Back when I was even less experienced in self-hosting I setup my media/backup server using a RAIDZ1 array and 3 x 8TB disks. It’s been running well for a while and I haven’t had any problems and no disk errors.

But today I read a post about ‘pool design rules’ stating that RAIDZ1 configurations should not have drives over 1TB because the chances of errors occurring during re-silvering are high. I wish I had known this sooner.

What can I do about this? I send ZFS snapshots to 2 single large (18TB) hardrives for cold backups, so I have the capacity to do a migration to a new pool layout. But which layout? The same article I referenced above says to not use RAIDZ2 or RAIDZ3 with any less than 6 drives…I don’t want to buy 3 more drives. Do I buy an additional 8TB drive (for a total of 4 x 8TB) and stripe across two sets of mirrors? Does that make any sense?

Thank you!

  • spencer
    link
    fedilink
    English
    arrow-up
    20
    ·
    3 months ago

    Honestly, if you’re doing regular backups and your ZFS system isn’t being used for business you’re probably fine.

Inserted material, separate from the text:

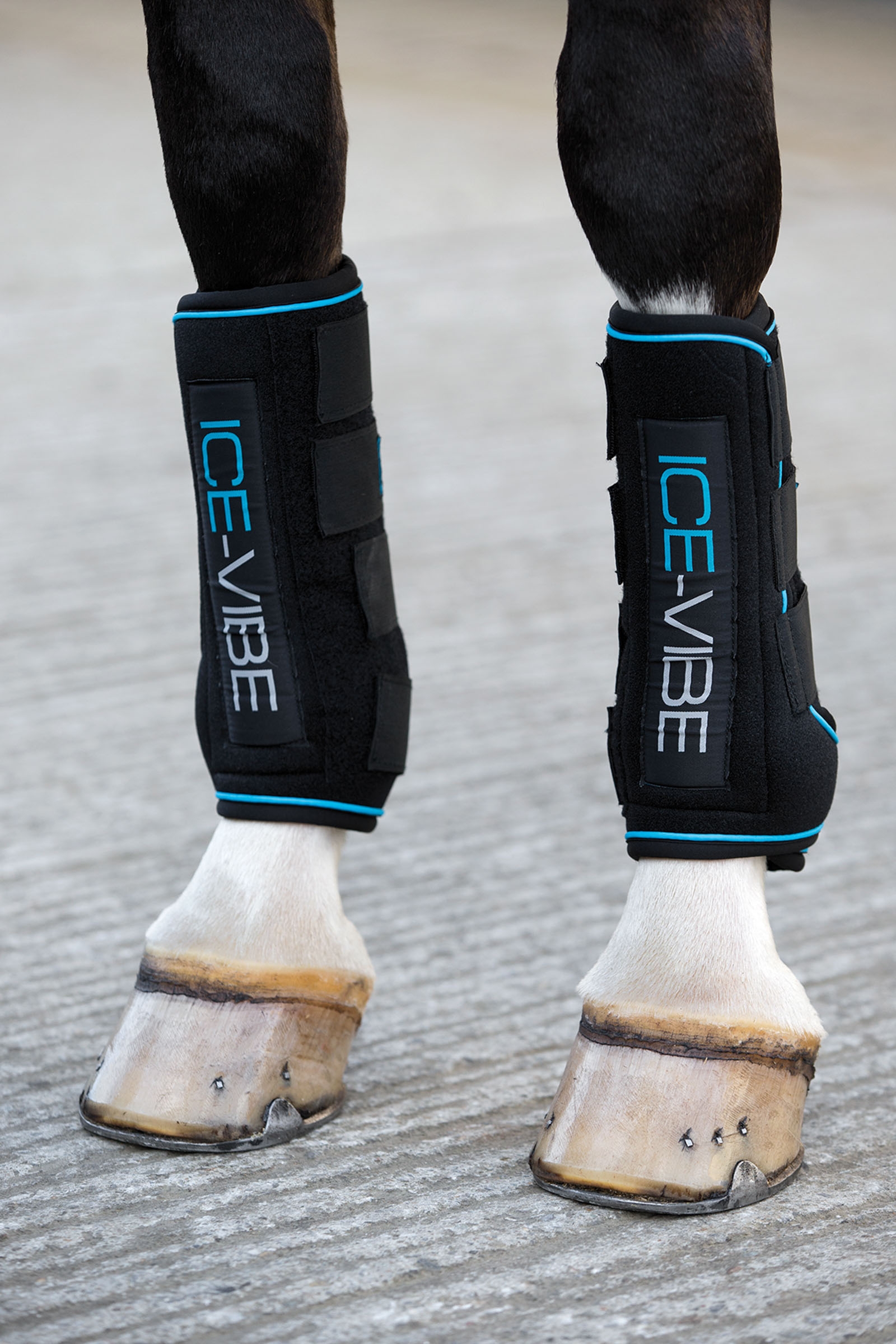 Horseware Ice-Vibe gamacher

Yes, you are at increased risk of a second disk failure during resilver but even if that happens you’re just forced to use your backups, not complete destruction of the data.

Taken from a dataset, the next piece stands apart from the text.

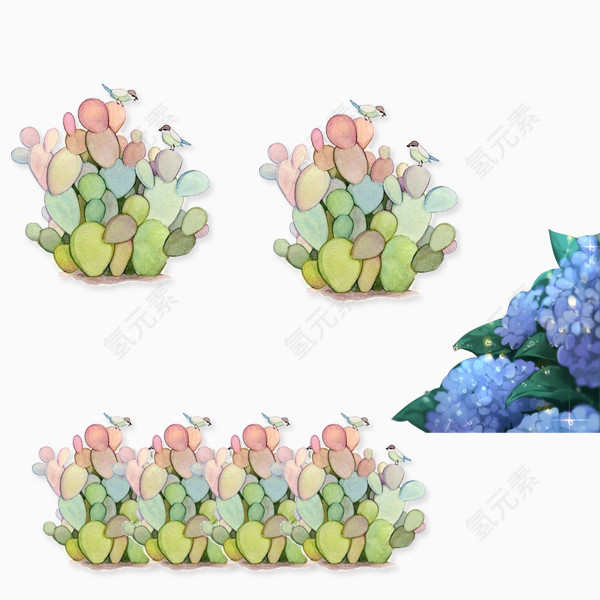 五彩仙人掌卡通仙人掌椭圆仙人掌梦幻紫色花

    You can also mitigate the risk of disk failure during resilver somewhat by ensuring that your disks are of different ages. The increased risk comes somewhat from the fact that if you have all the same brand of disks that are all the same age and/or from the same batch/factory they’re likely to die from age around the same time, so when one disk fails others might be soon to follow, especially during the relatively intense process of resilvering.

    Otherwise, with the number of disks you have you’re likely better off just going with mirrors rather than RAIDZ at all. You’ll see increased performance, especially on write, and you’re not losing any space with a 3-way mirror versus a 3-disk RAIDZ2 array anyway.

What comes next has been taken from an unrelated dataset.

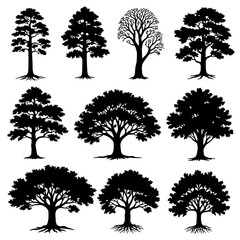 Fototapeta premium A comprehensive collection of tree silhouettes featuring vector illustrations of oak, pine, and palm branches in a black nature design pattern for forest art icons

    The ZFS pool design guidelines are very conservative, which is a good thing because data loss can be catastrophic, but those guidelines were developed with pools that are much larger than yours and for data in mind that is fundamentally irreplaceable, such as user generated data for a business versus a personal media server.

    Also, in general backups are more important than redundancy, so it’s good you’re doing that already. RAID is about maintaining uptime, data security is all about backups. Personally, I’d focus first on a solid 3-2-1 backup plan rather than worrying too much about trying to mitigate your current array suffering catastrophic failure.